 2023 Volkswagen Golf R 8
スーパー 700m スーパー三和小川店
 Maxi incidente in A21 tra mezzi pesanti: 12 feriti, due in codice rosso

--*--

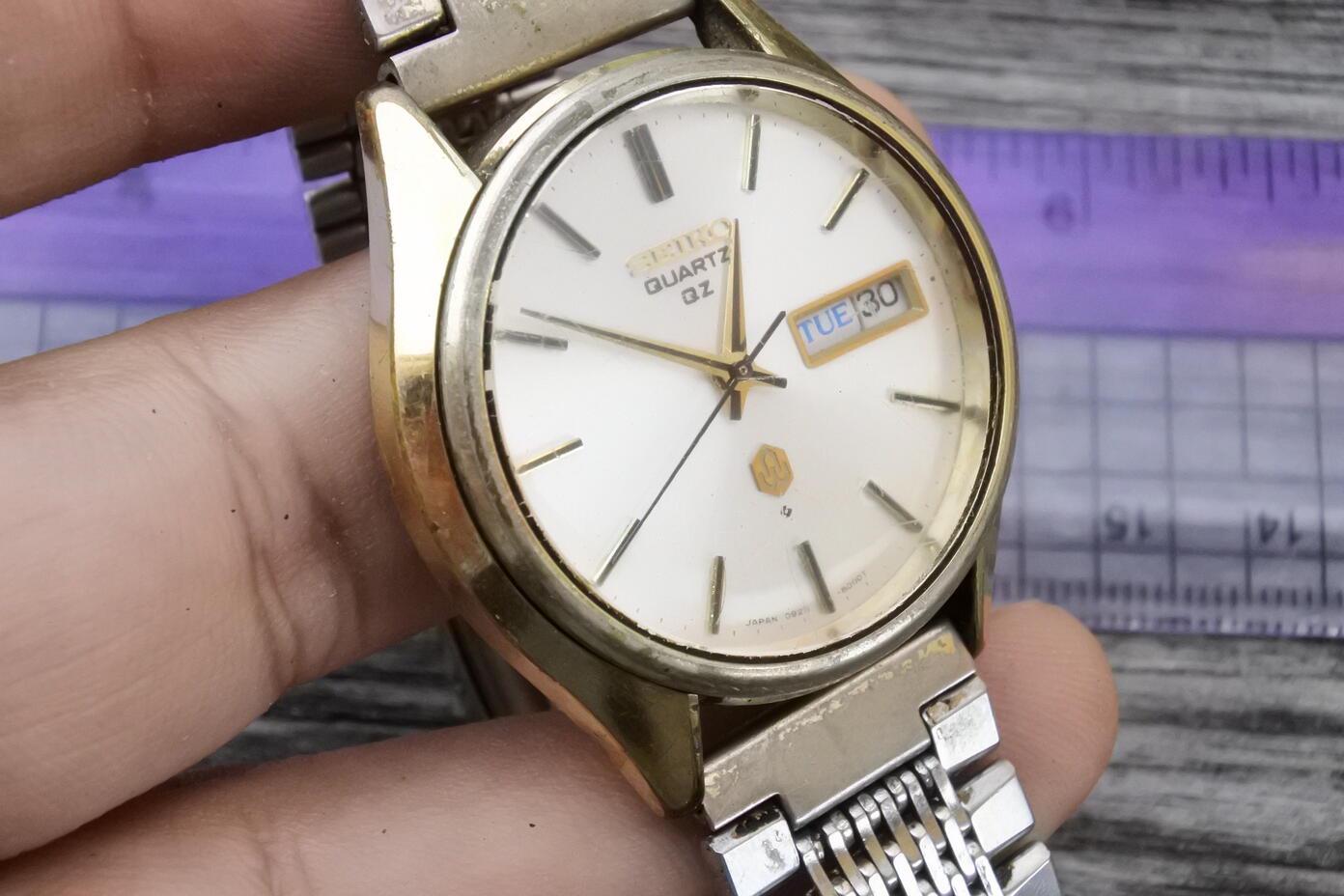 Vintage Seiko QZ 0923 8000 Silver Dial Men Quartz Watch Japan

--*--

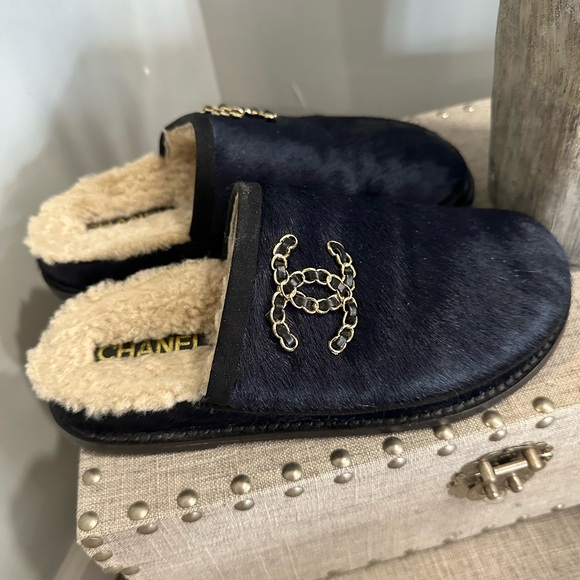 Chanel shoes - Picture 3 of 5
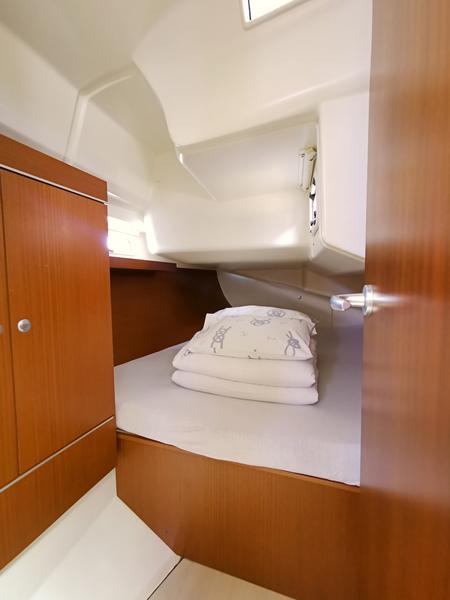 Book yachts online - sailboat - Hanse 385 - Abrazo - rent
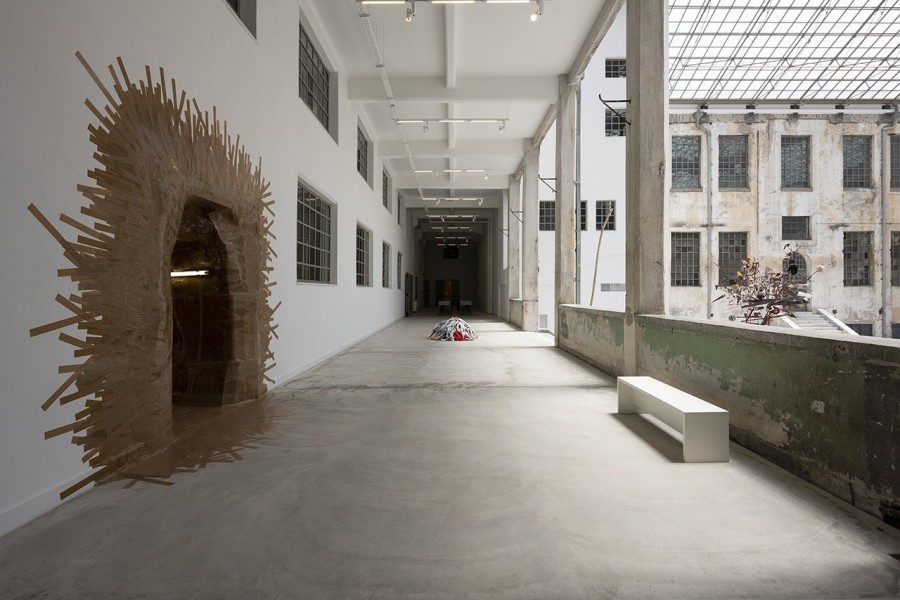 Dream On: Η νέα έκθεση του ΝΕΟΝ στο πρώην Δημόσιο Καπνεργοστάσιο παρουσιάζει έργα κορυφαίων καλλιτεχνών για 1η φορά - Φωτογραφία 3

--*--

**The task:** Give back, exactly as written, the stretch from the line with "スーパー 700m スーパー三和小川店" through the line with "Maxi incidente in", and no other lines from the records above.

**Your response:**
スーパー 700m スーパー三和小川店
 Maxi incidente in A21 tra mezzi pesanti: 12 feriti, due in codice rosso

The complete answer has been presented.